Friday, March 7, 2014

Pandora's Manila Folder

Pandora (Dora to her friends) Steffen had never considered herself a calm person; in fact, in the eight years she had been working for the government as a secretary for the WHO, her superiors often criticized her for her lack of calm. According to the official evaluation she had read, she was “passionate” about her work, which she knew meant she was actually just the opposite, and not calm at all. The crowded elevator she was in now, though, was a different story. She had come to the mall to relax and unwind, and ate some lunch. When one of her associates from the World Health Organization mysteriously approached her mid-egg roll with an important file in a manila folder, with clear instructions to deliver to her boss and not read, she complied and began to leave the mall immediately.
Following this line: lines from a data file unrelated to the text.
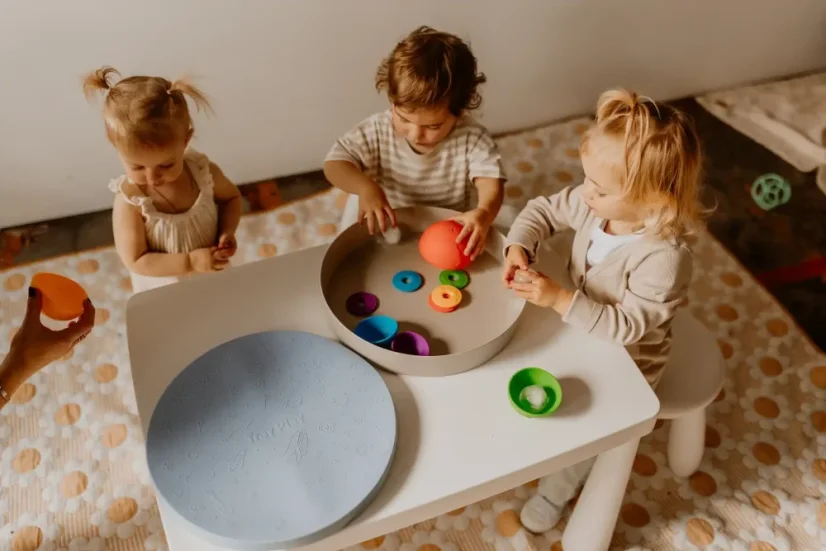 Senzorický třídící tác PLAY TRAY - fialový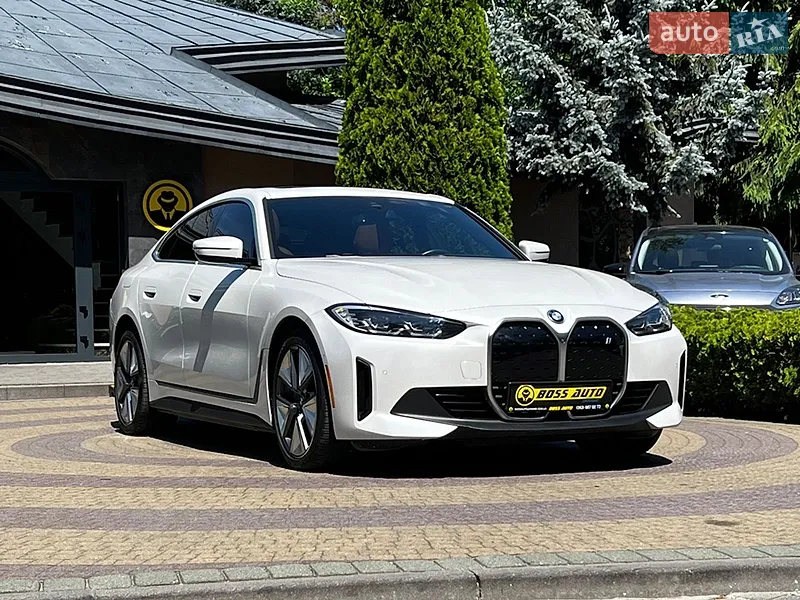 BMW i4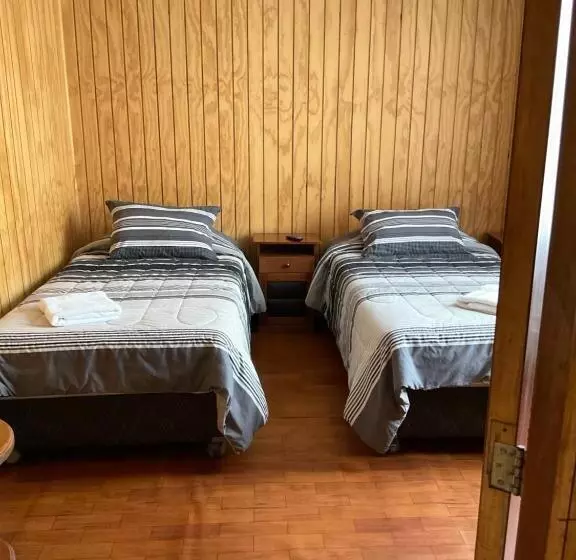 ユースホステル Hostal Balmaceda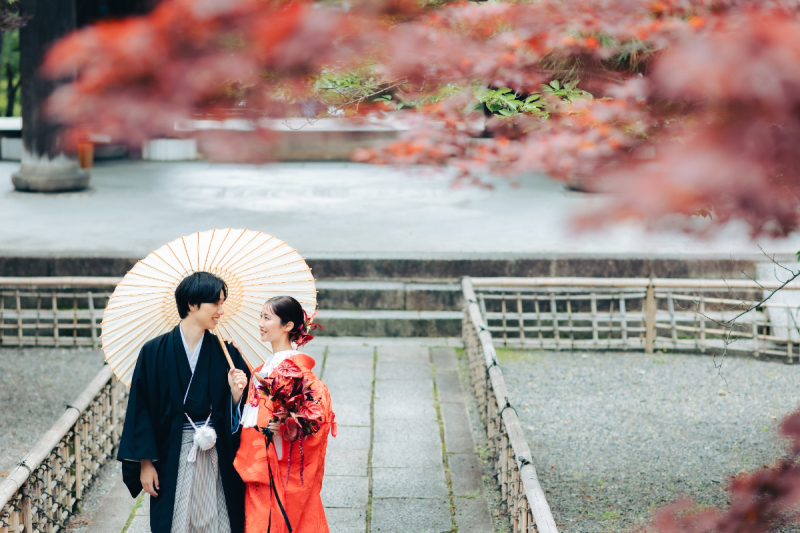 木々の隙間から覗くおふたりの姿を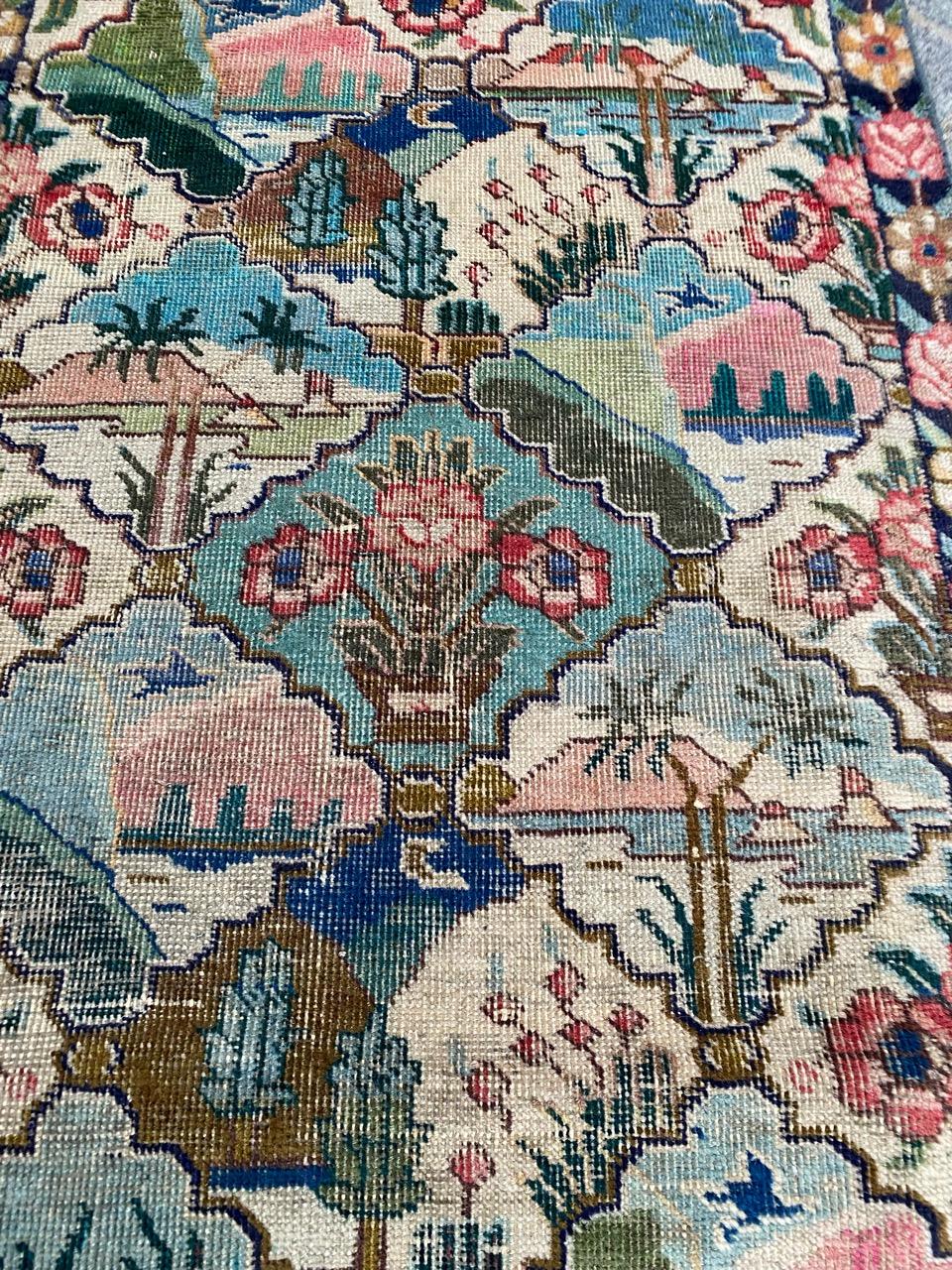 Bobyrug’s Pretty Vintage Decorative Mahal Rug In Good Condition For Sale In Saint Ouen, FR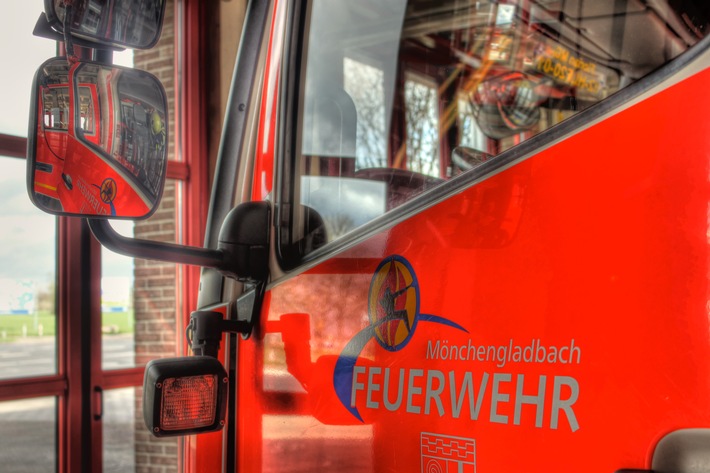 FW-MG: Unterstützung der Feuerwehr Neuss durch Hilfsorganisationen und Feuerwehr aus Mönchengladbach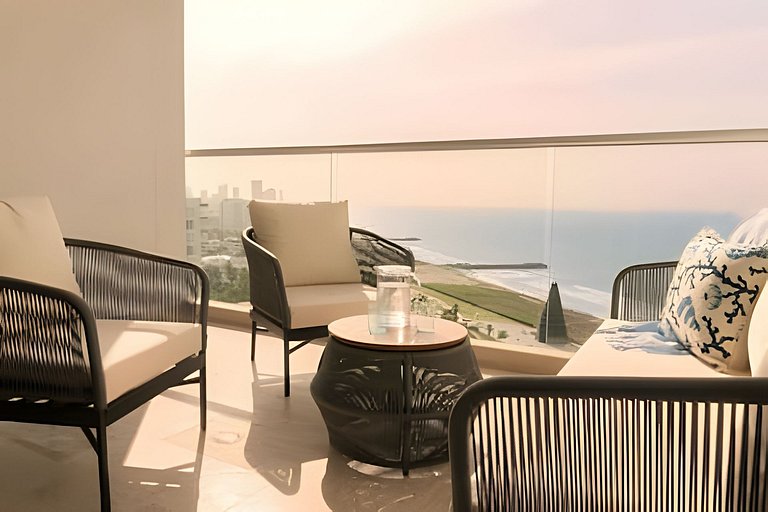 Ocean View Stay Near Cartagena’s Historic Heart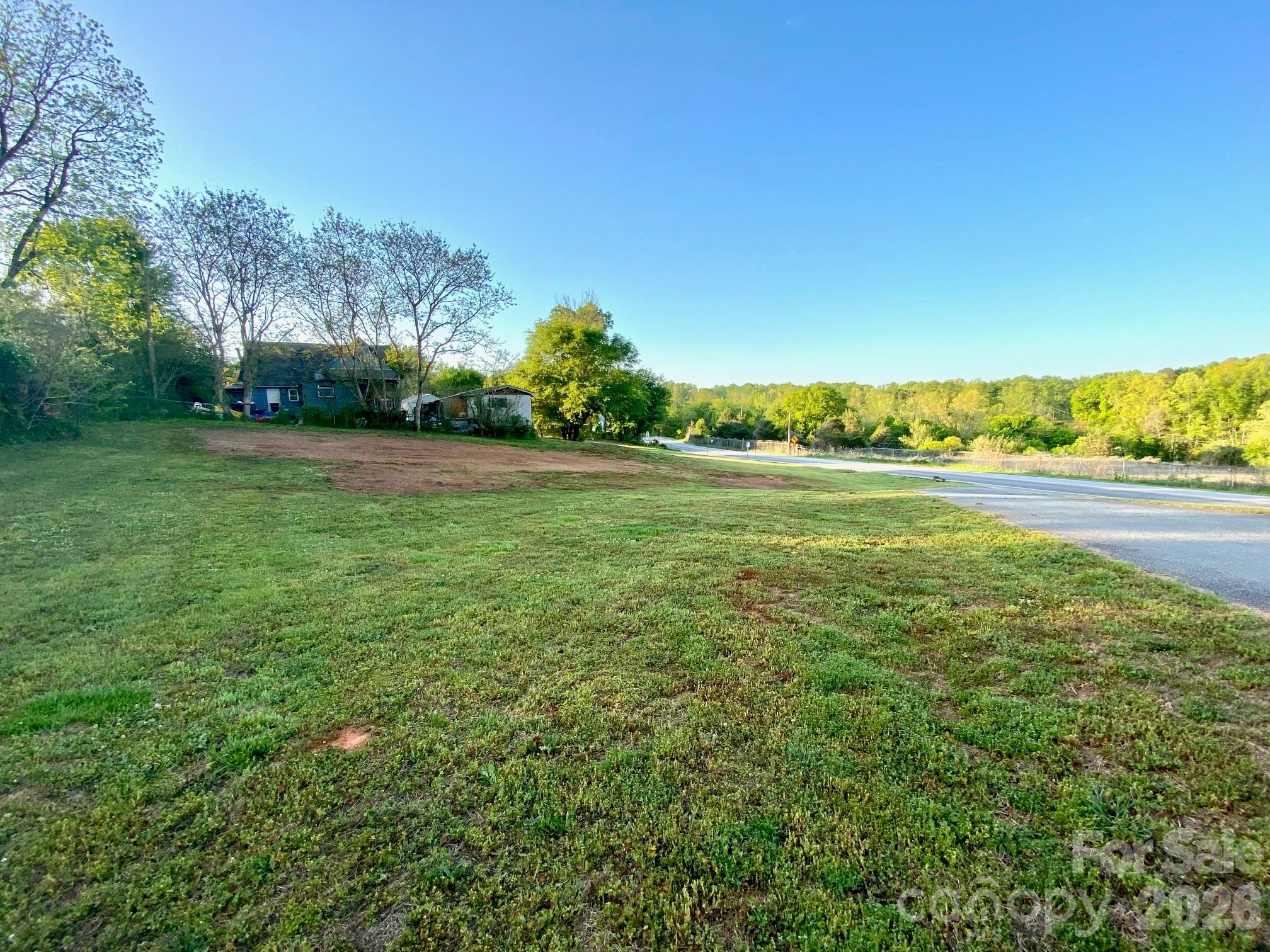 main property photo 9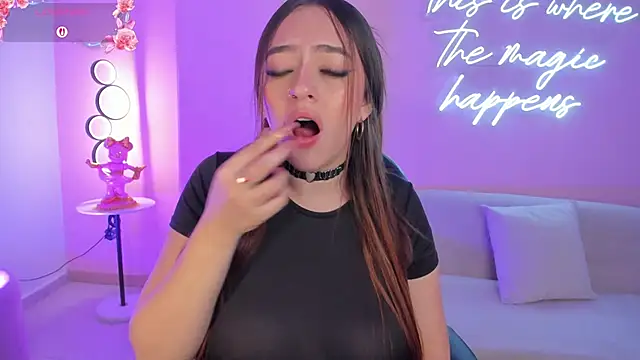 BellaRose X online show from 03/23/25, 06:37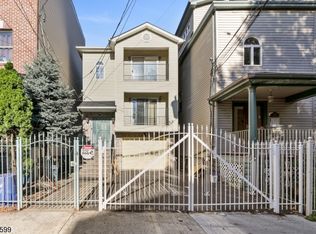 230 2nd St #B, Newark, NJ 07107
Dora went to the side of the mall where she had parked, by the department store where she frequented, and began to take the elevator up, to the parking garage floor where she parked.

            It never completed its journey, and stopped in between the third and fourth floor. She was stuck, she realized, with ten strangers and a manila folder with something mysterious inside she wasn’t allowed to read. The large man behind her with the handlebar mustache and considerable girth shifted his weight and impatiently sighed. The old woman next to her began fidgeting with her purse strap, and the strong scent of lilac hit Dora’s nose: the woman’s perfume. The manila folder sat in her hands.

            “Are we stuck, Mommy?” a chunky little boy with a Spiderman shirt and gracious snot bubble asked. His mother, who was equally a wreck, just wiped his nose and told him to hush. The manila folder stayed in her hands, closed, its secrets contained. A little man in the back corner started coughing. A nervous-looking man with a comb-over and frayed sweater started humming loudly. A teenager with gold chains, a pair of Beats headphones and sideways LA Lakers hat glanced at the sweater man dismissively. His girlfriend giggled rudely.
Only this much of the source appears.